What are the implications of the Taliban take-over of Afghanistan for the world, the region and India? Some of the statements of the Taliban spokesmen in recent days are reassuring. History is replete with examples of revolutionaries turning into responsible rulers under the burden of office. I hope the Taliban will not disappoint us and will rule with responsibility.

The US stands thoroughly discredited. It has proved to be an unreliable ally. It will find it difficult now to act as the policeman of the world. There should be no place for unilateral American military action henceforth anywhere in the world. No more the 'coalition of the willing'. The UN must discharge this responsibility, especially its Security Council, of which India is a non-permanent member today. India must guide the UN in the matter of maintaining peace in the world, through negotiations if possible, through the use of force, if necessary. India has already reached out to the Taliban. These contacts should now be more open and direct. I hated the Taliban because they destroyed the historic Bamiyan Buddhas. But living in the past is not always helpful. Pakistan is considered to be a special friend of the Taliban. China is happy that the Taliban has taken over Afghanistan, while at the same time oppressing and killing the Muslim Uighurs in its own territory. Russia has also reached out to the Taliban. Commentators in India are worried that India is now surrounded by one more unfriendly neighbour. Our diplomacy will determine how we turn a difficult situation to our advantage. India is a big and powerful country. We should be scared of none.
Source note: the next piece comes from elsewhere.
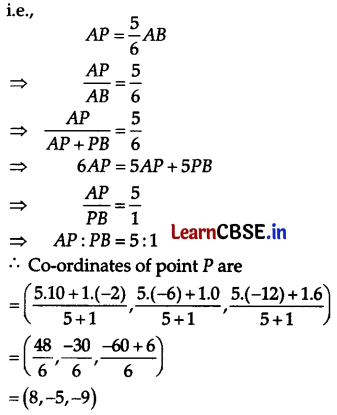 CBSE Sample Papers for Class 11 Maths Set 3 with Solutions Q29.2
Chaos unfolded at Kabul airport when thousands came there hoping to catch a flight out

Russia has been an all-weather friend of India for decades. This relationship has frayed at the edges because of our unseemly hurry to get under the US umbrella. India is too big a country to be under anyone's umbrella. I see no reason, not even the military maneuvers of China against India at the LAC, as a valid reason to take shelter under the US umbrella or even the Quad for that matter. Our motto should be that we want enmity with none but we are capable of defending our territory on our own against anyone. Ashoka's 'ahimsa' was always backed by military might. Tulsidas taught us that there could be no love without fear.

India has done a lot for the development and welfare of the people of Afghanistan. I can also take credit for India constructing the parliament building in Kabul among the many other things we have done for Afghanistan. So India has no reason to be defensive. The Taliban knows what we have done and from all accounts appreciates it. It must know that we can do much more. Three billion dollars is not the limit of our capabilities, we can do much more. India is also very popular with the people of Afghanistan. Our soft power can be seen all over. The Governor of Kandahar had told me in 2002 that he was in possession of a large number of cassettes of Indian music.

To sum up:

1. A Taliban regime in Kabul is a reality.
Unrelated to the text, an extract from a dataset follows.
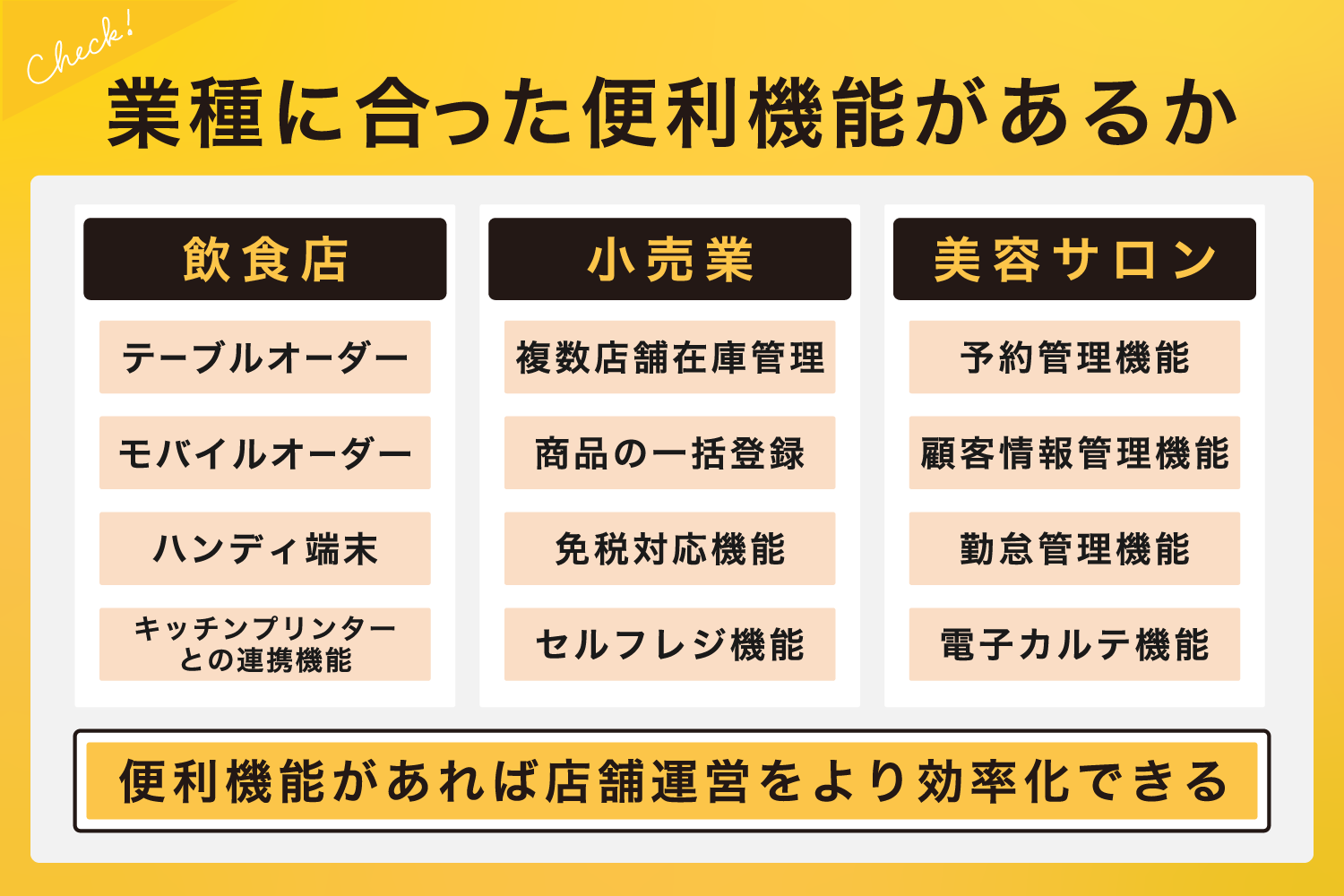 2. 業種に合った便利機能があるか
2. Pakistan, China and Russia have welcomed the change and are preparing to recognise the new regime.

3. The post-takeover statements from the Taliban have been reassuring.
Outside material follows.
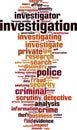 Investigation word cloud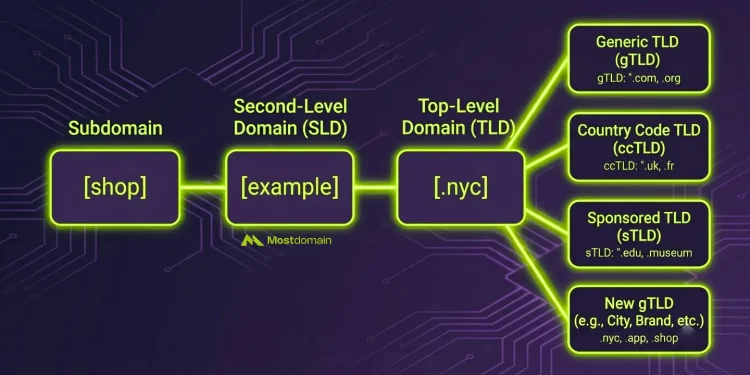 Types of Domains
4. India is already in contact with the Taliban.

5. It is time to make these contacts open and direct.

6. India should not leave the field for Pakistan and China to do as they like.

7. India should talk to the Taliban with confidence and from a position of strength.

8. India is proud of what it has done so far for the people of Afghanistan.

9. It should assure the new regime that it can do more.

10. India is very popular with the people of Afghanistan. This asset should be fully utilised.

Yashwant Sinha, former BJP leader, was Minister of Finance (1998-2002) and Minister of External Affairs (2002-2004). He is currently vice-president, Trinamool Congress.